O custo de produção dos itens de nutrição vegetal
também sofreu um reajuste intenso, considerando a limitação de oferta e preços
de algumas de suas matérias-primas. No entanto, apenas parte desse valor deve
ser repassado para a ponta durante a temporada 2022/23, sinalizando um aumento
de preços na ordem de 20%.
Já os biodefensivos devem sofrer menor impacto. Com
a produção concentrada na indústria nacional e local, e domínio dos players
sobre o suprimento de micro e macro-organismos, espera-se um menor aumento de
preços frente a outros mercados. A variação deverá ser fruto do aumento de
inflação e da demanda mais aquecida pelos bioprodutos, principalmente aqueles
com potencial de substituição parcial dos químicos.
A Líder de Crop Subscription da Kynetec Brasil
enfatiza ainda que as turbulências no cenário internacional, em especial
relacionadas ao conflito entre a Rússia e a Ucrânia, podem agravar a crise
global de insumos agrícola e elevar ainda mais esses números. “O acesso ao
petróleo e ao gás natural da região da Ucrânia certamente será afetado por uma
indisponibilidade temporária ou permanente.

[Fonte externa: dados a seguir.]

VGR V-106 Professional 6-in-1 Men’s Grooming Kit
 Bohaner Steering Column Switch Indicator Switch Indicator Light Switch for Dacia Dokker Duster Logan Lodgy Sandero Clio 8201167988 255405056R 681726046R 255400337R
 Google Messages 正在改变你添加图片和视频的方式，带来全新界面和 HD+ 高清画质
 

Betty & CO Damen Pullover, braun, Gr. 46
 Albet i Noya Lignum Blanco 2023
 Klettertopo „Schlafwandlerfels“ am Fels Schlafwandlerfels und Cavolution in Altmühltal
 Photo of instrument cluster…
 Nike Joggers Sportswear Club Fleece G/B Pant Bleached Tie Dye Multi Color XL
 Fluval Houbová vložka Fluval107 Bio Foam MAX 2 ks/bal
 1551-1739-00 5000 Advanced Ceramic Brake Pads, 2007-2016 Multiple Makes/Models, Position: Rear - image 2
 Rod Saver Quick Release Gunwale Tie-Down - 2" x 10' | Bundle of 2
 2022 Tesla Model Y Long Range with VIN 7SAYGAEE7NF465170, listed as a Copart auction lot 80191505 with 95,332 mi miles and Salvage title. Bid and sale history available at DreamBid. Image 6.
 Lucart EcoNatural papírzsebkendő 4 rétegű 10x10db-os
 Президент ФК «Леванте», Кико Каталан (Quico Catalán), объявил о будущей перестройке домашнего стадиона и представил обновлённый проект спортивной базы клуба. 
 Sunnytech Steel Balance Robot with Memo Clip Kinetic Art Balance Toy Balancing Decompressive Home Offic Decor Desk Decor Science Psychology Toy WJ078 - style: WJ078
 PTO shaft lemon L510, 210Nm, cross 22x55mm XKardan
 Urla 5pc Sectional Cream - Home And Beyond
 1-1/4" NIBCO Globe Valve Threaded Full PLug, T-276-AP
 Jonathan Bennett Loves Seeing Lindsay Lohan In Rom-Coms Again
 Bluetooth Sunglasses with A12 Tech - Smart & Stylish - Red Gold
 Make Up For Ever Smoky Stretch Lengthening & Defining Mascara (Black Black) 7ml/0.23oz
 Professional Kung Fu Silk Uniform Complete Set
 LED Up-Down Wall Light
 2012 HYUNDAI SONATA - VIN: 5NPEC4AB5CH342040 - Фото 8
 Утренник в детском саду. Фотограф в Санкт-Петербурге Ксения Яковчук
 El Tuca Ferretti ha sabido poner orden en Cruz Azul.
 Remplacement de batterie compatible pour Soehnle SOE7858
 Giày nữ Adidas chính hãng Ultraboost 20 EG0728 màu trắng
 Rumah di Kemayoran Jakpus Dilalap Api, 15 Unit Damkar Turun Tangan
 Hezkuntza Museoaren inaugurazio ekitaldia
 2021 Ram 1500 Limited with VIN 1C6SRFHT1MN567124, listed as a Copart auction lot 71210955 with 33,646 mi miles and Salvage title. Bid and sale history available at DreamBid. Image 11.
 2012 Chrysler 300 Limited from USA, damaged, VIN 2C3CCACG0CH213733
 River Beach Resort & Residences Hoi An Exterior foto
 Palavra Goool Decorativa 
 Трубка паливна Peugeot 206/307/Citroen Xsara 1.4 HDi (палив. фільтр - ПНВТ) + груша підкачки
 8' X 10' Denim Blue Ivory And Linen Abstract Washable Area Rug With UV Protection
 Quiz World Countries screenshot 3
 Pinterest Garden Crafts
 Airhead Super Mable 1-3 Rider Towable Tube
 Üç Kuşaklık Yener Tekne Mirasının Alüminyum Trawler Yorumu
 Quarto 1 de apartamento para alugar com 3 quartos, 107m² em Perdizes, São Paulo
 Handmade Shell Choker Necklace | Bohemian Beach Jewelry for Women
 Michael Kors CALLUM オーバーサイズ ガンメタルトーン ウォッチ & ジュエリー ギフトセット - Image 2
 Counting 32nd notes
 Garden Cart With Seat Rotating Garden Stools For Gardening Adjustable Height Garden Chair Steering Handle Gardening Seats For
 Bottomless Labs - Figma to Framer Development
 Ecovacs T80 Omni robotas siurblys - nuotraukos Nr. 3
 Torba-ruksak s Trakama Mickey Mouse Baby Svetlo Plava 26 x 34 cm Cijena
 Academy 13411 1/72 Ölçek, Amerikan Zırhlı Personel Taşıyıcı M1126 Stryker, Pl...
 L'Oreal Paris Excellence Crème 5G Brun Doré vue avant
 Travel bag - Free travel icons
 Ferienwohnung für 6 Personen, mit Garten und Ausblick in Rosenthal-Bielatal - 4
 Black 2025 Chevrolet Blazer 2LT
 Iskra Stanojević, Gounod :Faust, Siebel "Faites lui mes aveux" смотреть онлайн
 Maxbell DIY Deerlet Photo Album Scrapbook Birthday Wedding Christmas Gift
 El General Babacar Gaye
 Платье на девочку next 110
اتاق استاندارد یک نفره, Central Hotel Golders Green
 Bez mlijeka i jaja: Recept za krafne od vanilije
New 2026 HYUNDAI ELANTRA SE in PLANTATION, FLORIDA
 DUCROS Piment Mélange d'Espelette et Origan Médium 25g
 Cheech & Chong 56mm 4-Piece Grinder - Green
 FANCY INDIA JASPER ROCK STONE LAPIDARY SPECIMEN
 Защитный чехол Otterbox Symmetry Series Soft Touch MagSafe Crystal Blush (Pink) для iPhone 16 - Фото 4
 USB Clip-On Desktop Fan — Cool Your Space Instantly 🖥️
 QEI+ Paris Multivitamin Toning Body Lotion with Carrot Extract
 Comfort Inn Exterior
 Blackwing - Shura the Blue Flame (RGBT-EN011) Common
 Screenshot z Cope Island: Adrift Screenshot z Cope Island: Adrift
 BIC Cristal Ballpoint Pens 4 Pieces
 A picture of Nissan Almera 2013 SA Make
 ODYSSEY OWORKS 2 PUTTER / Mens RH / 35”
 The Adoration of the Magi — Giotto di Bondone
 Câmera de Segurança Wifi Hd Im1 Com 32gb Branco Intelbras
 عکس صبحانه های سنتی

E além do petróleo, trigo e milho
já registram forte alta em suas cotações, uma vez que a região é importante
produtora e exportadora dessas commodities e uma possível redução de oferta reajusta
os preços para cima. Há também importantes plantas de fertilizantes na região,
que provavelmente terão sua produção afetada. Rússia e Belarus respondem por
aproximadamente um quarto dos fertilizantes importados pelo Brasil, o que traz
um risco direto e imediato para o Agro nacional”, completa.
Possíveis soluções – A longo prazo, não há dúvidas de que o agronegócio brasileiro tem
tecnologia para implementar técnicas que possibilitem substituir, ao menos
parcialmente, insumos químicos por orgânicos e organominerais, diminuindo a
dependência das importações. No entanto, a curto prazo, a solução não é tão
simples.
Camila Guimarães explica que em algumas classes de
insumos, como biodefensivos, fertilizantes foliares e biofertilizantes, a
indústria nacional tem condições de se adaptar e suprir mais fortemente a
demanda. Isso porque são produtos que contam com participação maior de
matérias-primas de origem nacional, alguns até com matriz de produção 100%
local. “Mas é preciso ter em mente que quanto mais complexo é o produto, mais
complexa é sua cadeia de suprimentos, envolvendo matérias-primas de diferentes
regiões do mundo. Neste cenário, a maioria dos insumos agrícolas está em
cadeias globais, por conta da disponibilidade de minérios e gás natural, por
exemplo”, detalha. “Isso reforça nossa visão sobre o possível redirecionamento
de produtores rurais brasileiros em busca de fontes locais de nutrição ou de
técnicas de manejo que visem o uso mais inteligente de insumos”, finaliza.